Retailers could have reason to be concerned about the health of the U.S. economy, as retail sales slipped 0.2 percent in February to $506 billion, marking an unexpected decline in consumer spending.
While January’s recovery was revised upward from 0.2 percent to 0.7 percent month-over-month growth, economists had expected sales to continue to trend upward by 0.3 percent in February, so the downturn is a disappointment.
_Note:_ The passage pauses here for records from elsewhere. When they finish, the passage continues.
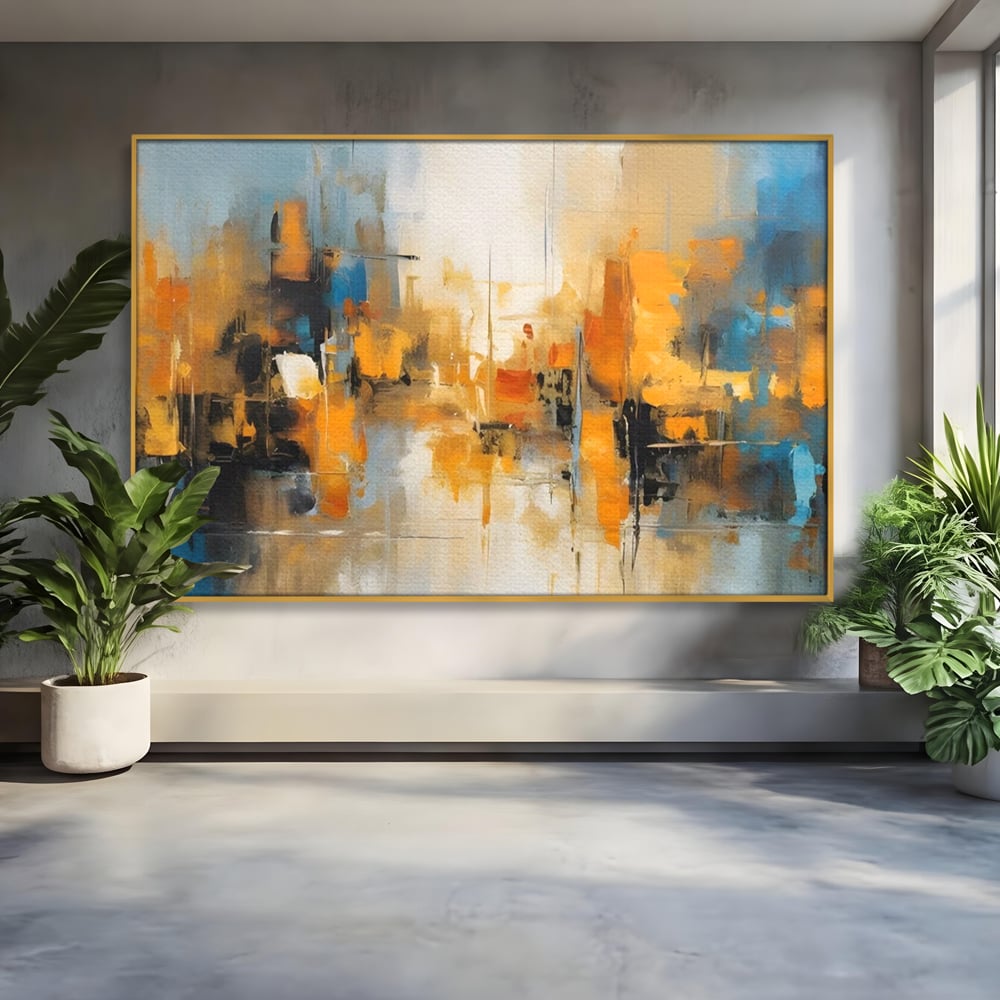 Tablou canvas cu pictura abstracta cu reflexii in apa, in rama de aluminiu auriu
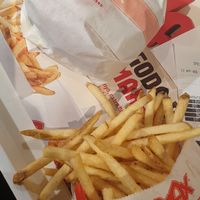 Menu with fries and classic Maxburger at MAX - Medborgarplatsen in Stockholm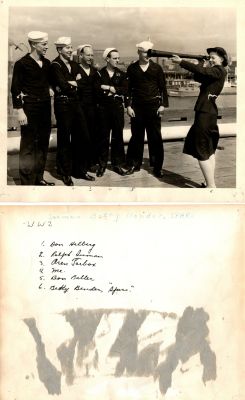  Don Helbert, Ralph Duman, Oren Jarbox, Robert D. Rome Sr., Don Baller & Betty Bender

THIS HAS BEEN RETURNED TO FAMILY

This was Donate by Elaine Swan.

This Photo States: "Seaman Betty Bender, SPARS. WW2.

(Left to Right)
1. Don Helberg
2. Ralph Duman
3. Oren Jarbox
4 Me, Robert D. Rome Sr.
5. Don Baller
6. Betty Bender, "SPARS"

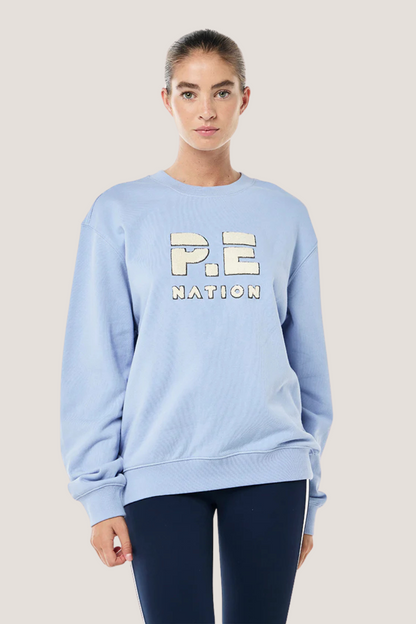 Heads Up Boucle Sweat | Dusty Blue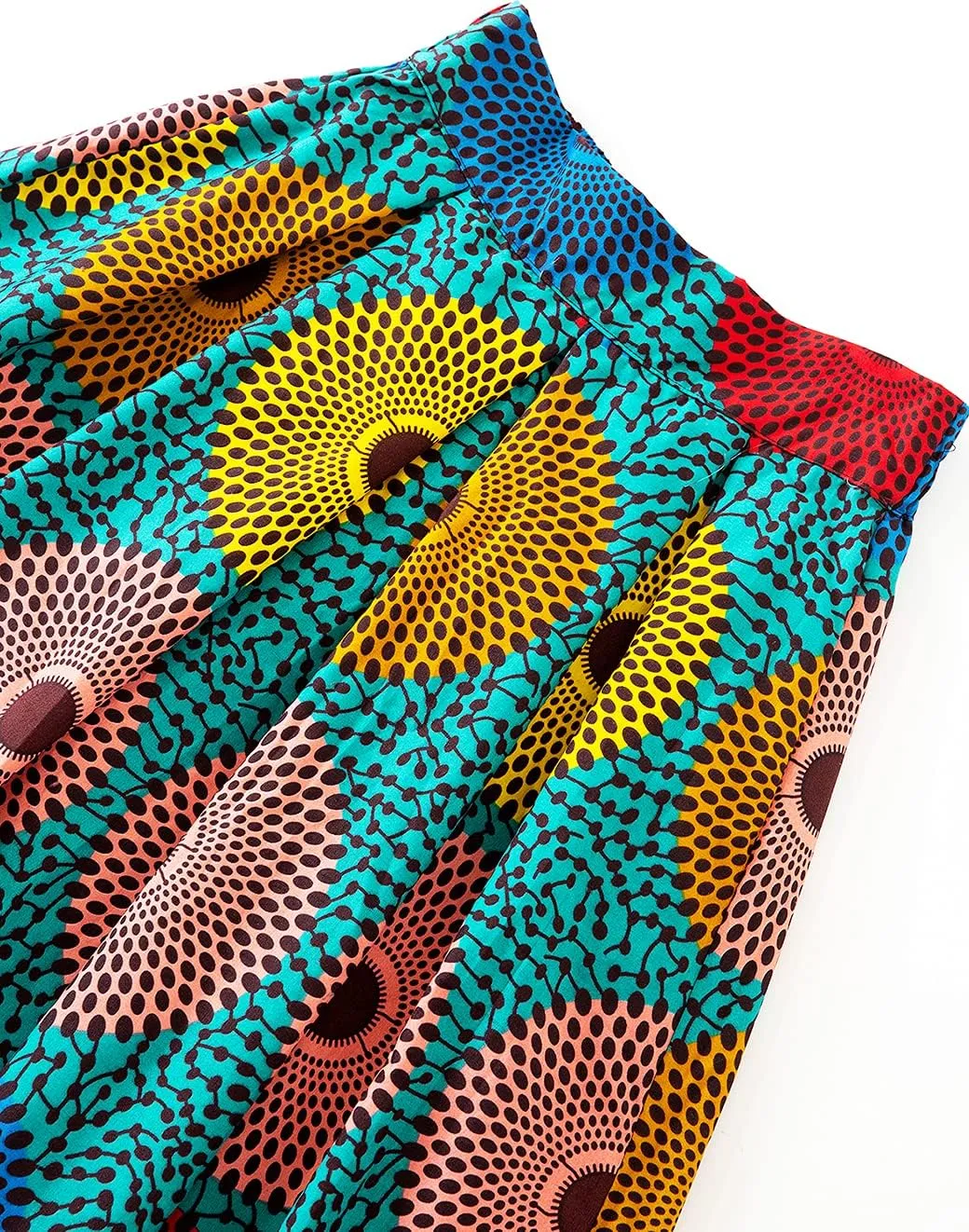 Women's Afriacn High Waist Vintage Skirt Ankara Pleated Midi Skirt with Pockets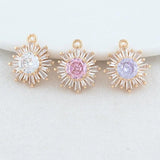 14K Plated Zircon Sun Flowers Charms Pendants - DIY Jewelry Making Supplies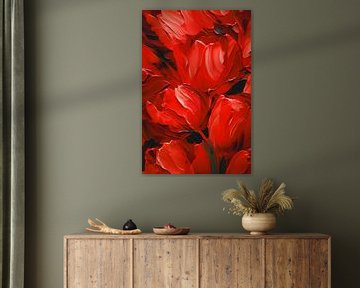 Tulipes rouges dans un tableau sur Thea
Sales in clothing and accessory stores in particular slumped 0.4 percent during the month and 0.5 percent over February 2018. Sporting goods stores, meanwhile, were up 0.5 percent month over month but down 8.2 percent over the prior year.
Department stores, which saw falling sales in January despite the overall upward momentum, again saw sales shrink to $12.03 billion as several chains, including Sears and J.C. Penney, continued to shutter stores in the pursuit of profitability.
The National Retail Federation blamed inclement weather and political uncertainty for some of the declines. “The weaker-than-expected February retail sales numbers reflect colder weather and increased precipitation that kept shoppers home but were also skewed downward because of the government’s upward revision in January’s results,” said NRF chief economist Jack Kleinhenz. “The aftereffects of the erratic stock market, the government shutdown and slower tax refunds this year also likely played a role.”
As consumers finally get their paychecks in the mail from the IRS, spending could tick up, and the significant upward revision to January’s results is a reminder that the current figures are preliminary.
“We still expect growth to pick up, fueled by strong fundamentals like job and wage growth that are driving increased consumer spending,” said Kleinhenz. “The consumer will continue to provide direction and strength to the U.S. economy in the months ahead.”
February’s sales were up 2.2 percent year over year.